On 3 November 2021, a 40-seater bus heading to Rawalpindi carrying more than 30 passengers fell into a ditch in Pallandri, Sudhanoti District, Azad Jammu and Kashmir killed at least 23 people, including women and children and seven others were injured.

The bus had started its journey from Tehsil Headquarters Baloch and after a difficult 7 km journey, the vehicle had a technical problem. The bus first collided with a mountain on the left side of the road and then suddenly turned and fell into a ditch more than 500 meters deep. A man selling pakoras near the scene, saw the bus fall and by phone alerted the religious leader of the Majhiari village about 2 km from Baloch. They announced this to the speaker, the religious leader called on the locals to launch a rescue operation to help the victims.
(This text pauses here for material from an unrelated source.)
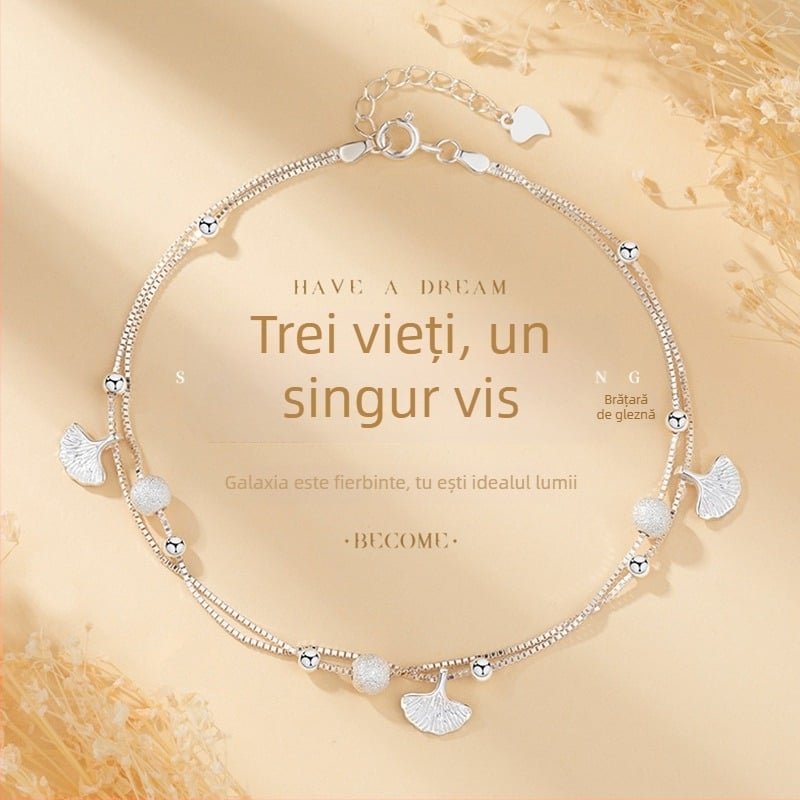 Brățară de gleznă din argint S925 – motif Sansheng Lucky, stil coreean, design cu frunze, model JL013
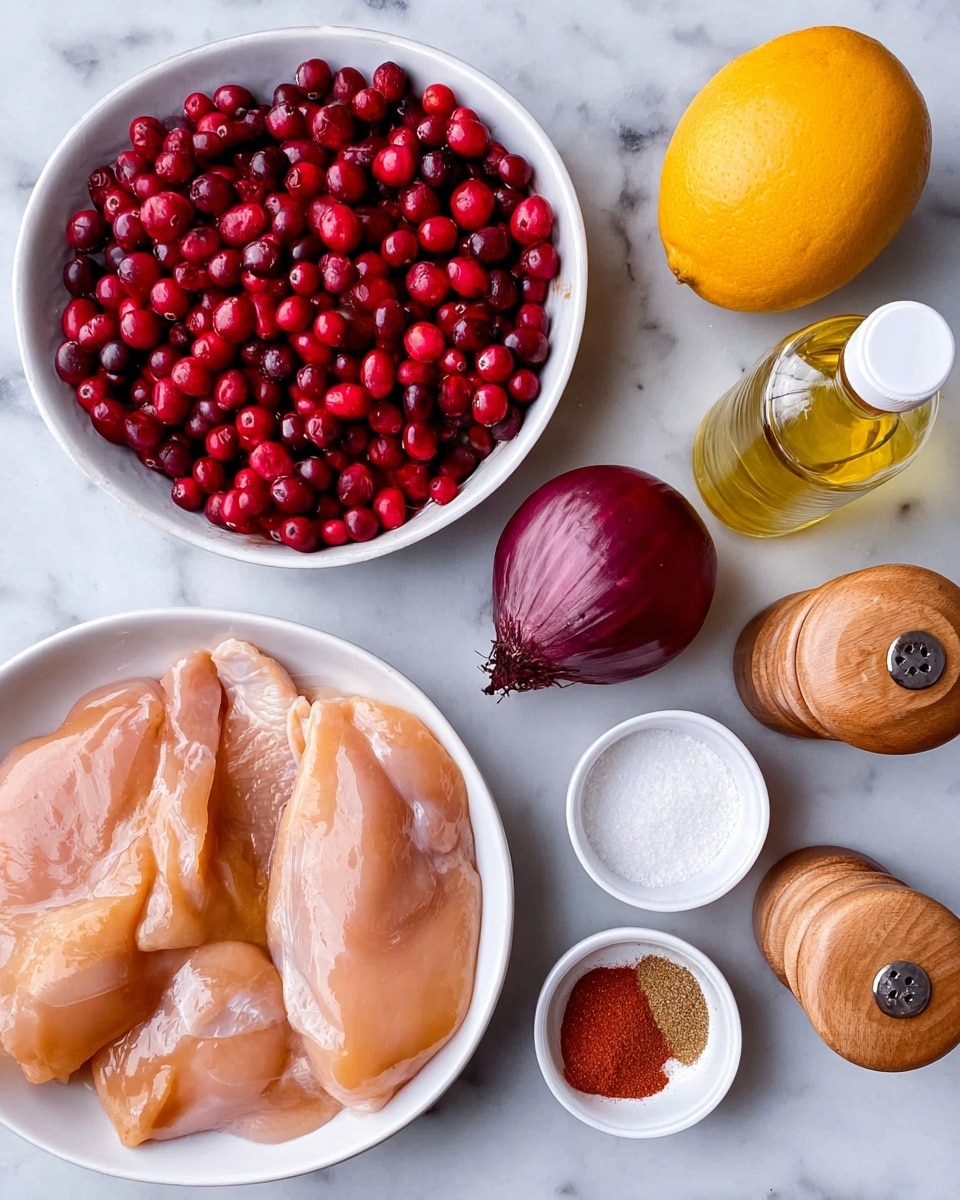 The image shows raw chicken pieces placed in a white bowl at the bottom left. Above the bowl, there is a white dish filled with bright red cranberries. To the right of the cranberries, there is a whole yellow grapefruit. Next to the grapefruit, there are two glass bottles, one with light yellow oil and the other with a darker liquid, both with white caps. Below the bottles, there are wooden salt and pepper shakers, with the pepper shaker laying down. To the right of the chicken, there is a whole dark red onion. Below the onion, three small white bowls hold ground spices: white powder, reddish powder, and brown powder. The background is a white marbled texture. photo taken with an iphone --ar 4:5 --v 7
Five injured were shifted to Kotli district while three others have been shifted to Baloch Health Center. One of the injured succumbed to his injuries. On the occasion, PML-N leader and former Azad Jammu and Kashmir Minister Sardar Farooq Ahmed Tahir also reached the spot along with rescue teams. Accidents are common in the area, especially in rural areas, where roads are dilapidated.

In October, 32 passengers, including four students, were injured in two accidents in Poonch and Neelum districts, while the third accident in Muzaffarabad injured 10 people.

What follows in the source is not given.